**Activity**
Transcribe exactly the lines from the top of the records below through the line that holds "y(x_6) = v_6", both included, with no pictures.

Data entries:
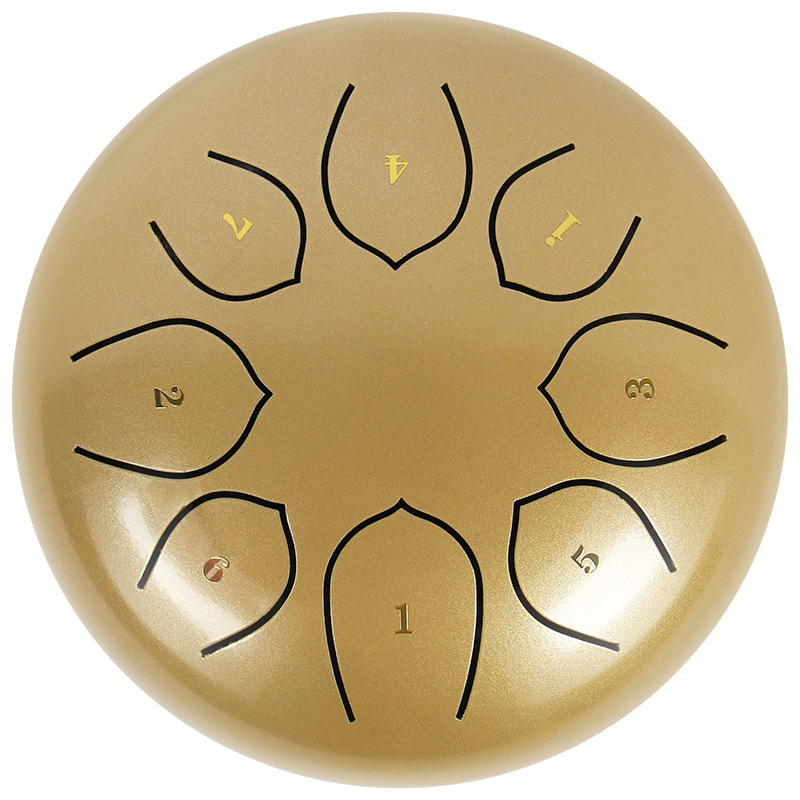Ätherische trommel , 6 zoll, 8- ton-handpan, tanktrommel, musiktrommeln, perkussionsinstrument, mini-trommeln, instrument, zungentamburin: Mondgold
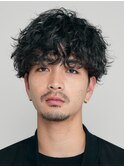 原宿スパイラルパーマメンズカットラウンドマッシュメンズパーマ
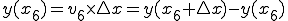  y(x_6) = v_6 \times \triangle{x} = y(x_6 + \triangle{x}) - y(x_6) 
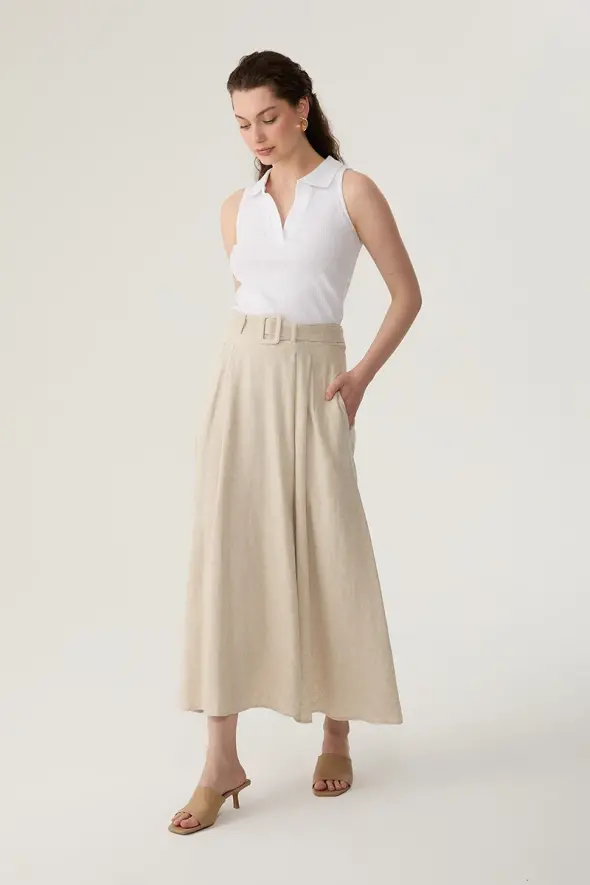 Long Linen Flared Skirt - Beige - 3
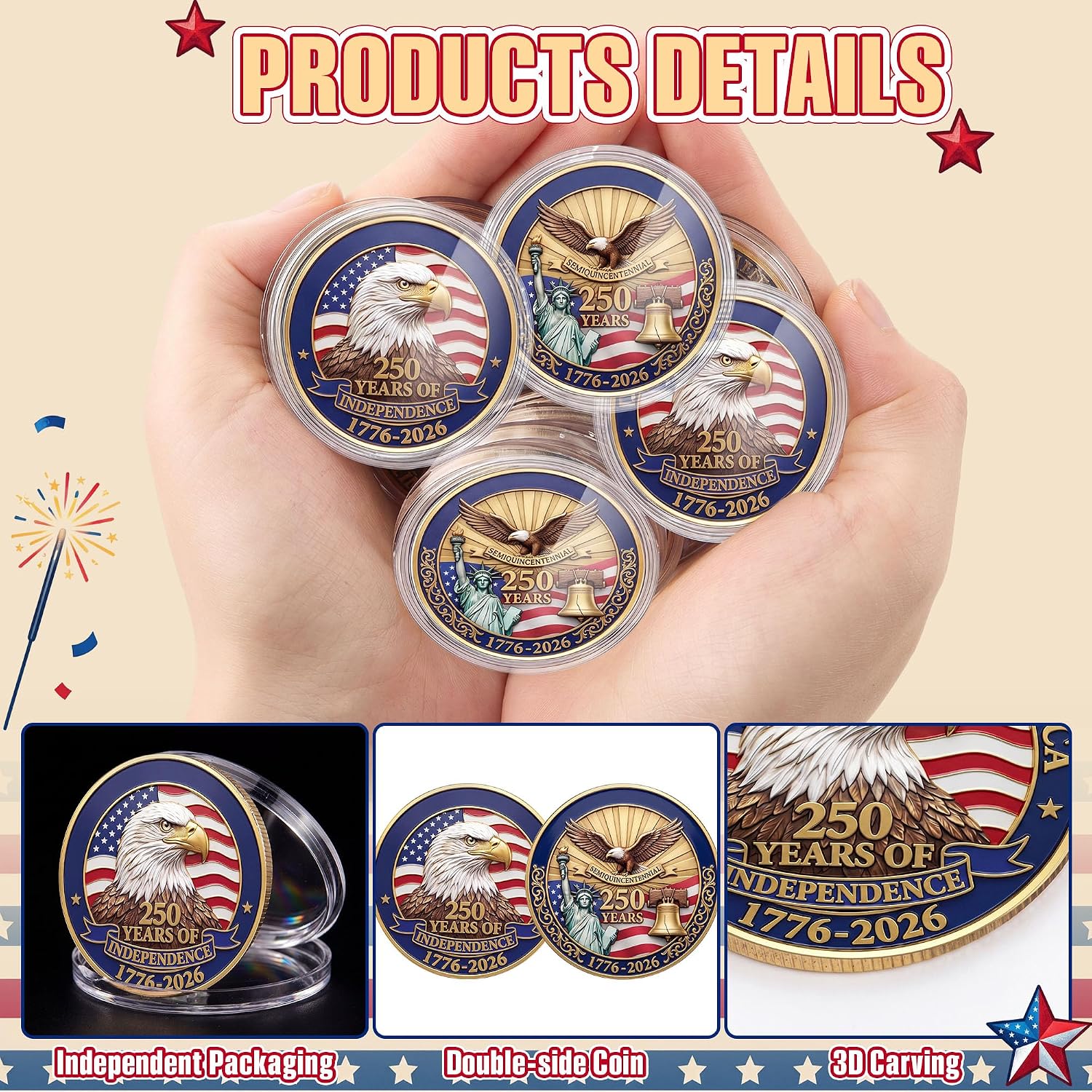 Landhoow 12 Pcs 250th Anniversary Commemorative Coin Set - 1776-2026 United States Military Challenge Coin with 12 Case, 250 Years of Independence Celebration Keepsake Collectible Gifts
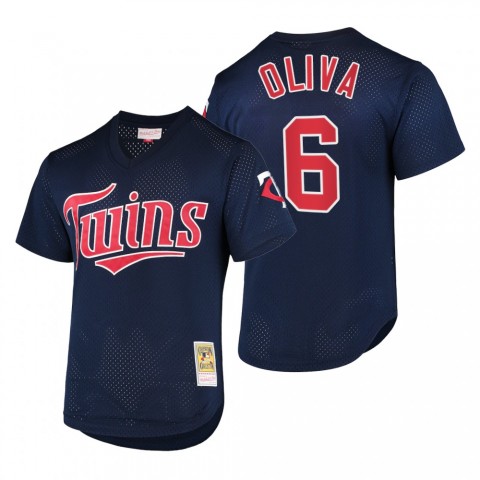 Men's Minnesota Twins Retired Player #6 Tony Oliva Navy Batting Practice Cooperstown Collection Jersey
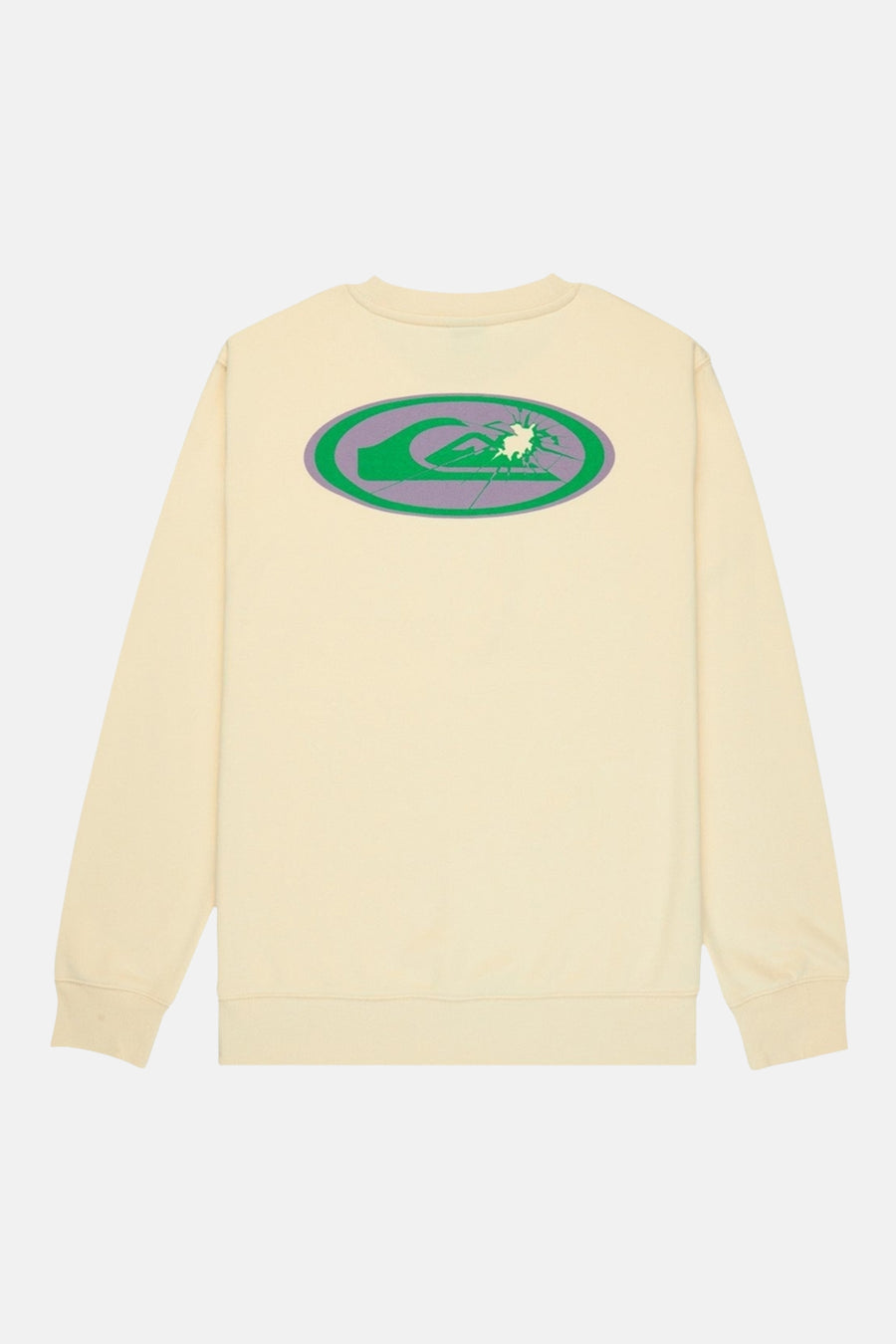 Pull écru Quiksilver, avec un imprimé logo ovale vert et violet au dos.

**Answer area**
Ätherische trommel , 6 zoll, 8- ton-handpan, tanktrommel, musiktrommeln, perkussionsinstrument, mini-trommeln, instrument, zungentamburin: Mondgold
 原宿スパイラルパーマメンズカットラウンドマッシュメンズパーマ
  y(x_6) = v_6 \times \triangle{x} = y(x_6 + \triangle{x}) - y(x_6) 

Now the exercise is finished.